PDOT: a Practical Primal-Dual Algorithm and a GPU-Based Solver for Optimal Transport

Haihao Lu,Jinwen Yang
2024-07-29
Abstract:In this paper, we propose a practical primal-dual algorithm with theoretical guarantees and develop a GPU-based solver, which we dub PDOT, for solving large-scale optimal transport problems. Compared to Sinkhorn algorithm or classic LP algorithms, PDOT can achieve high-accuracy solution while efficiently taking advantage of modern computing architecture, i.e., GPUs. On the theoretical side, we show that PDOT has a data-independent $\widetilde O(mn(m+n)^{1.5}\log(\frac{1}{\epsilon}))$ local flop complexity where $\epsilon$ is the desired accuracy, and $m$ and $n$ are the dimension of the original and target distribution, respectively. We further present a data-dependent $\widetilde O(mn(m+n)^{3.5}\Delta + mn(m+n)^{1.5}\log(\frac{1}{\epsilon}))$ global flop complexity of PDOT, where $\Delta$ is the precision of the data. On the numerical side, we present PDOT, an open-source GPU solver based on the proposed algorithm. Our extensive numerical experiments consistently demonstrate the well balance of PDOT in computing efficiency and accuracy of the solution, compared to Gurobi and Sinkhorn algorithms.
Optimization and Control
What problem does this paper attempt to address?

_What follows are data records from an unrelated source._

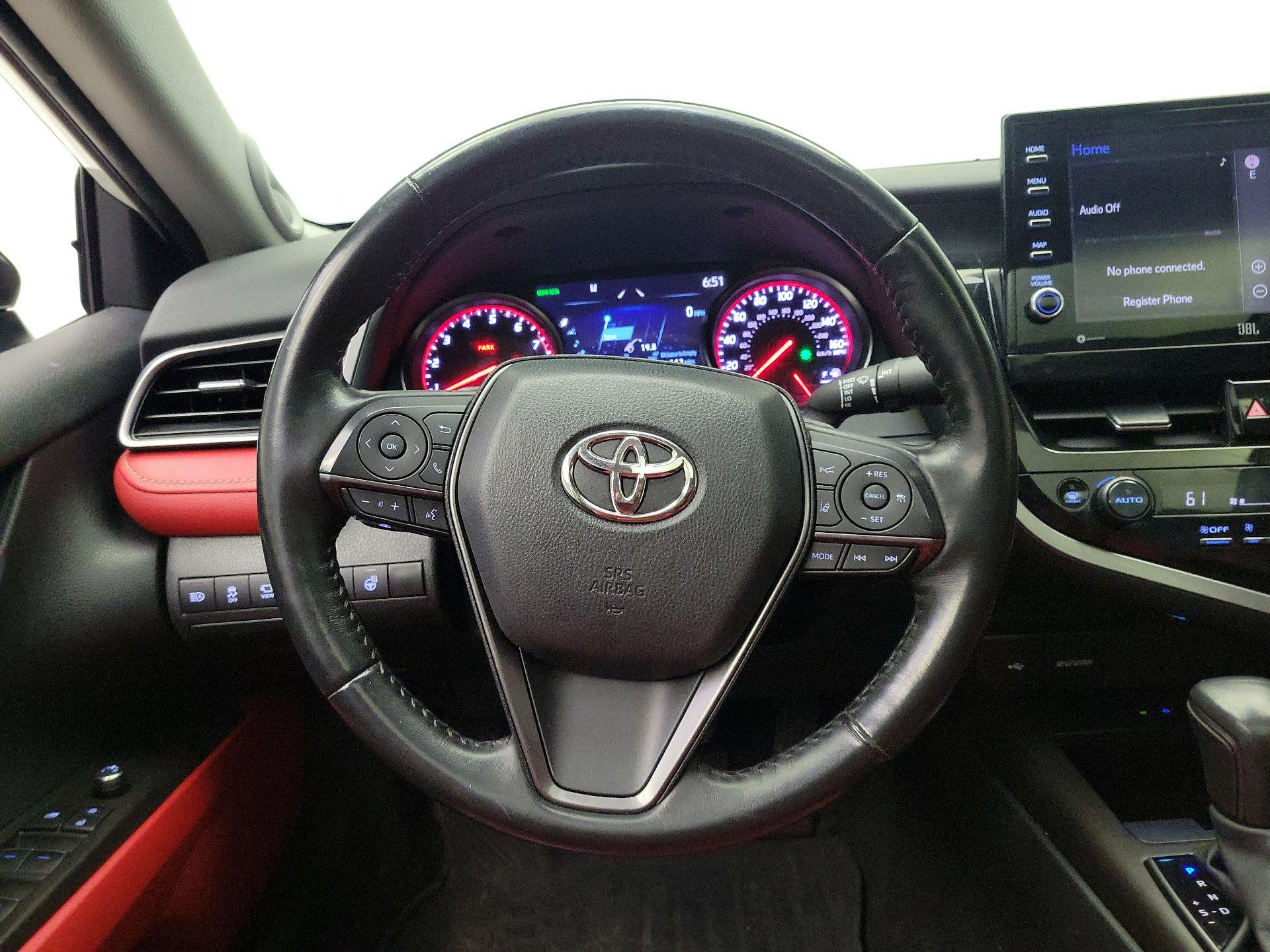 Thumbnail: 2023 Toyota Camry - 10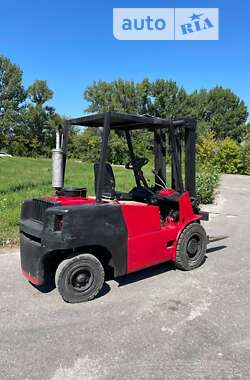 Вилочный погрузчик Balkancar DV 1792 2005 в 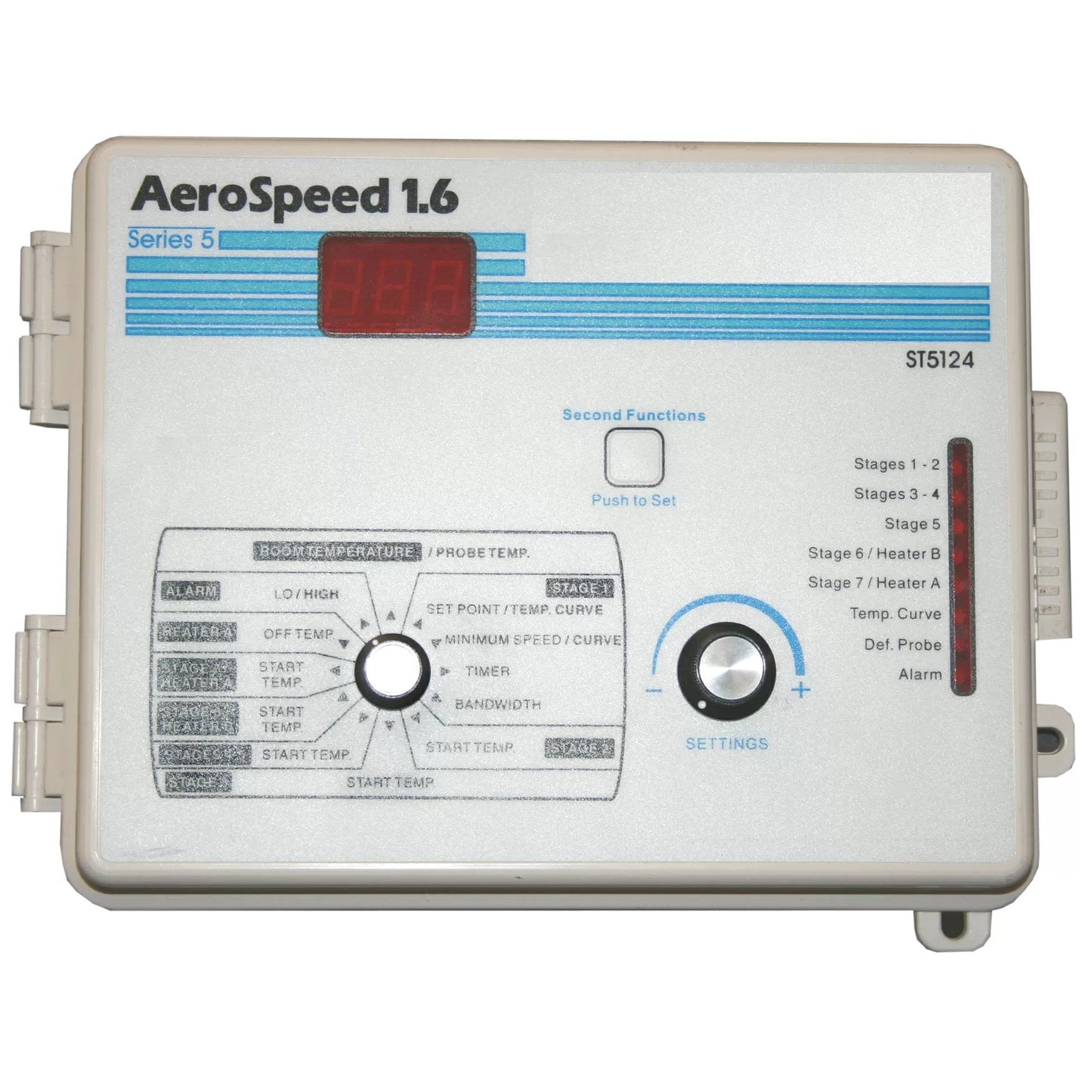 Aerotech® AeroSpeed 2.4 - QC Supply -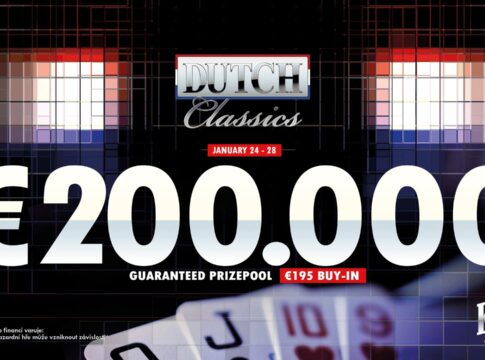 King’s Casino – Bereits über 1.000 Entries beim Dutch Classics Main Event
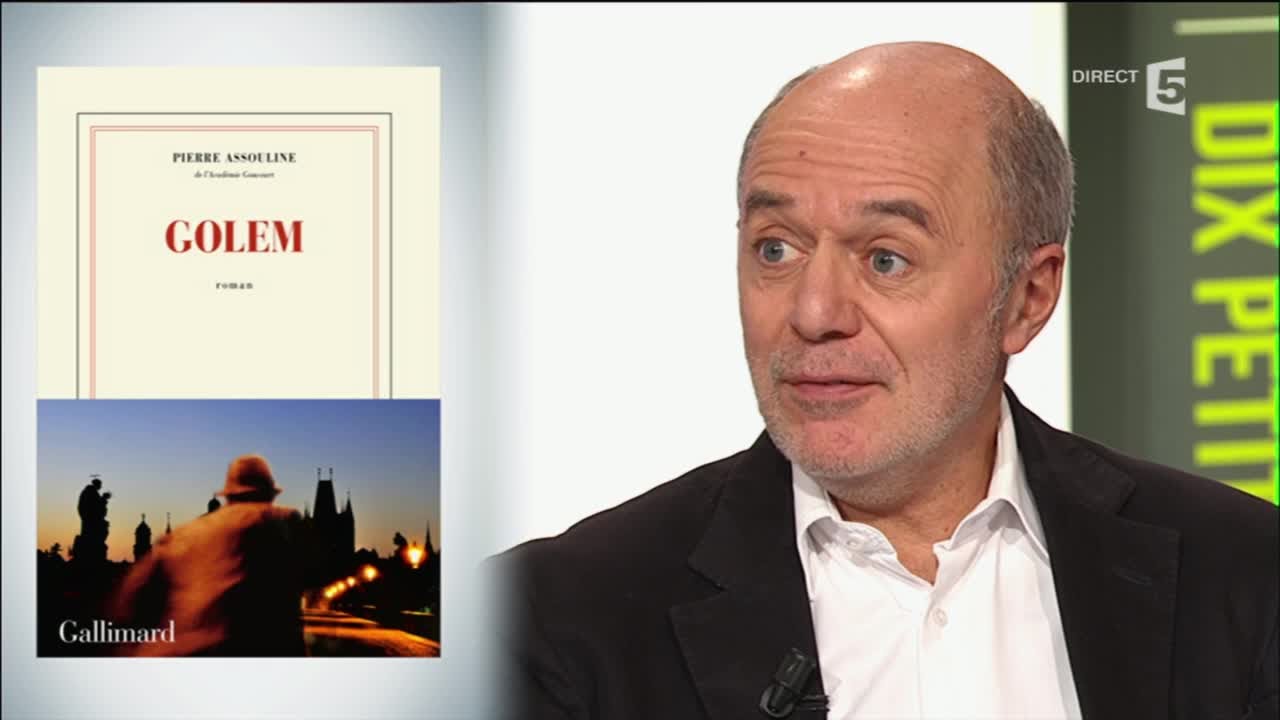 Pierre Assouline nous livre une réflexion sur le transhumanisme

The paper is primarily dedicated to the development of efficient algorithms for solving large-scale Optimal Transport (OT) problems. Specifically, the research team proposed a Practical Primal-Dual Algorithm and a GPU-based solver, PDOT (Practical Dual-Optimal Transport), to address large-scale OT problems. Compared to existing Sinkhorn algorithms or classical Linear Programming (LP) algorithms, PDOT can solve OT problems with high precision and effectively utilize modern computing architectures such as GPUs. From a theoretical perspective, PDOT has a data-independent local computational complexity of \(O(mn(m + n)^{1.5}\log(\frac{1}{\epsilon}))\), where \(m\) and \(n\) are the dimensions of the source and target distributions, respectively, and \(\epsilon\) is the desired accuracy. Additionally, the paper provides a data-dependent global computational complexity of \(O(mn(m+n)^{3.5}\Delta + mn(m+n)^{1.5}\log(\frac{1}{\epsilon}))\), where \(\Delta\) is the precision of the data. In terms of numerical experiments, the authors developed an open-source GPU solver, PDOT, based on the proposed algorithm. Extensive numerical experiments demonstrate that PDOT achieves a good balance between computational efficiency and solution accuracy, showing advantages over Gurobi and Sinkhorn algorithms. In summary, the paper aims to address the following issues: - Develop a practical algorithm for large-scale OT problems that can achieve high-precision solutions and be efficiently implemented on GPUs. By proposing the PDOT algorithm, the authors provide a feasible method for solving large-scale OT problems, especially in scenarios requiring high-precision solutions.